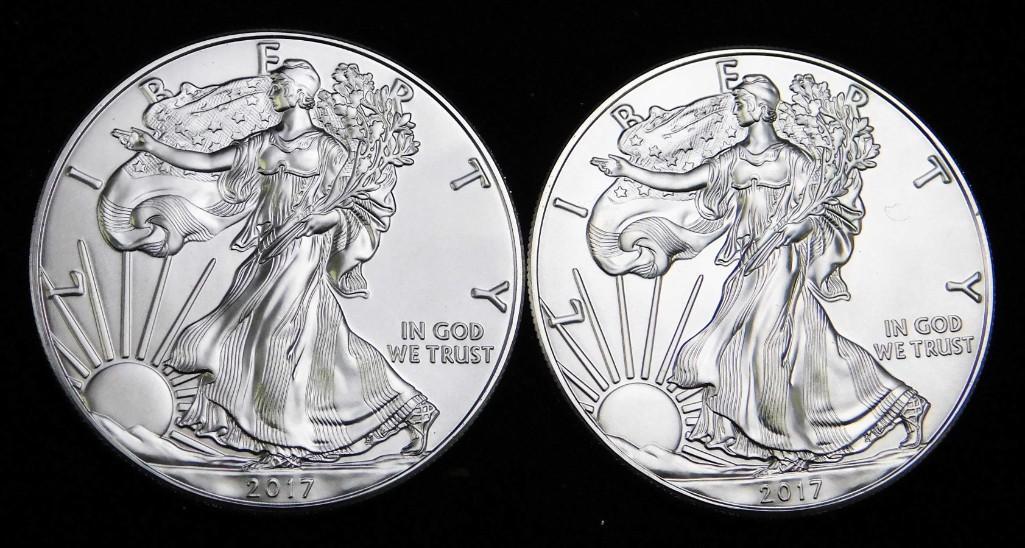 2 BU 2017 American Silver Eagles 1 oz Fine Silver: 2 Brilliant Uncirculated 2017 American Silver Eagle 1 ounce Fine Silver Rounds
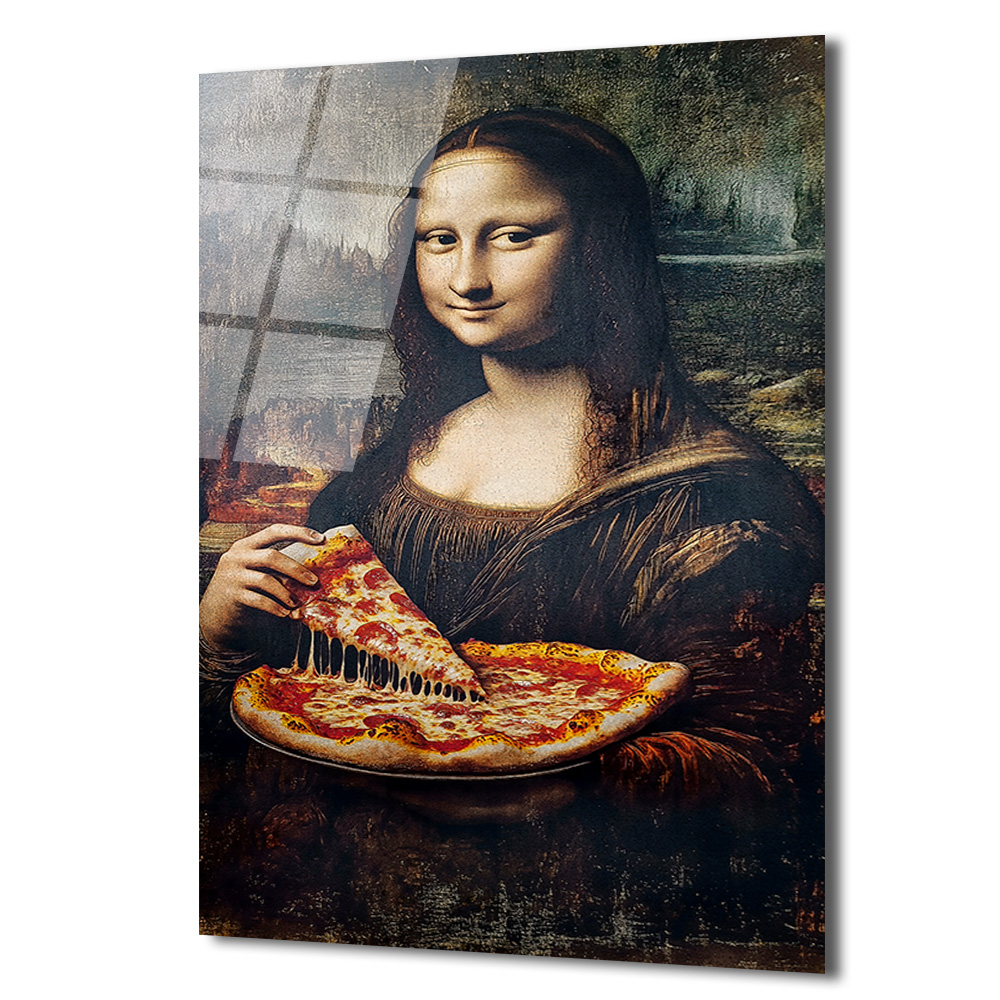 Mona Lisa Pizza Keyfi Cam Tablo - Modern Sanat Dokunuşu Duvar Dekoru Mona Lisa Pizza Keyfi Cam Tablo - Modern Sanat Dokunuşu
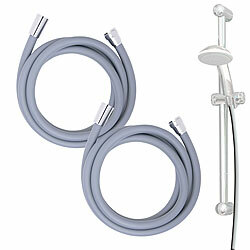 BadeStern 2er-Set flexible Silikon-Duschschläuche mit Verdrehschutz,2 Meter,grau BadeStern Ultra flexibler & dehnbarer Silikon-Brauseschläuche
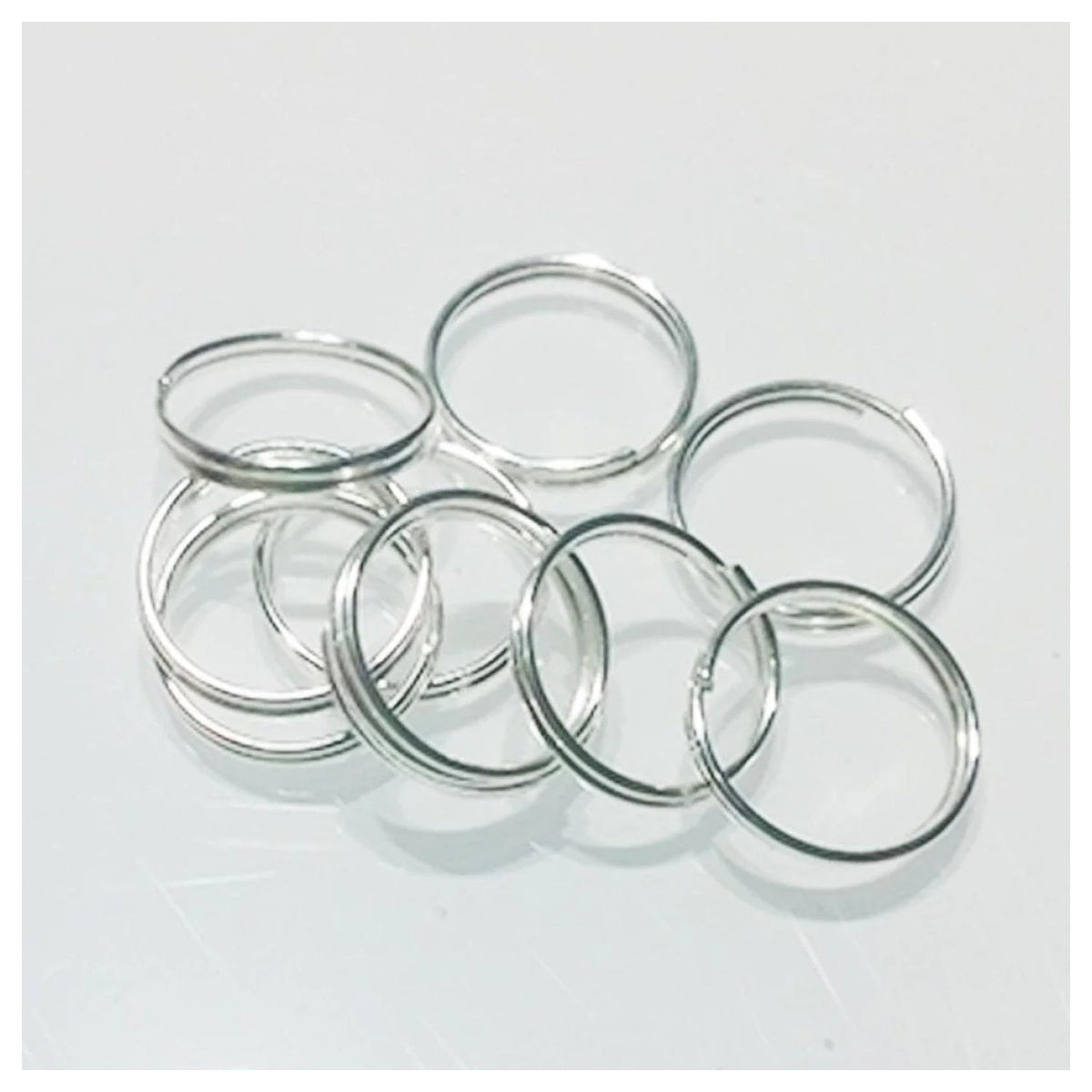 10 x 10mm Light Silver Split Key Rings Double Loop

*-*-*

» **Problem**:
Give back the listing exactly, with the pictures removed.

» **Exercise result**:
 2 BU 2017 American Silver Eagles 1 oz Fine Silver: 2 Brilliant Uncirculated 2017 American Silver Eagle 1 ounce Fine Silver Rounds
 Mona Lisa Pizza Keyfi Cam Tablo - Modern Sanat Dokunuşu Duvar Dekoru Mona Lisa Pizza Keyfi Cam Tablo - Modern Sanat Dokunuşu
 BadeStern 2er-Set flexible Silikon-Duschschläuche mit Verdrehschutz,2 Meter,grau BadeStern Ultra flexibler & dehnbarer Silikon-Brauseschläuche
 10 x 10mm Light Silver Split Key Rings Double Loop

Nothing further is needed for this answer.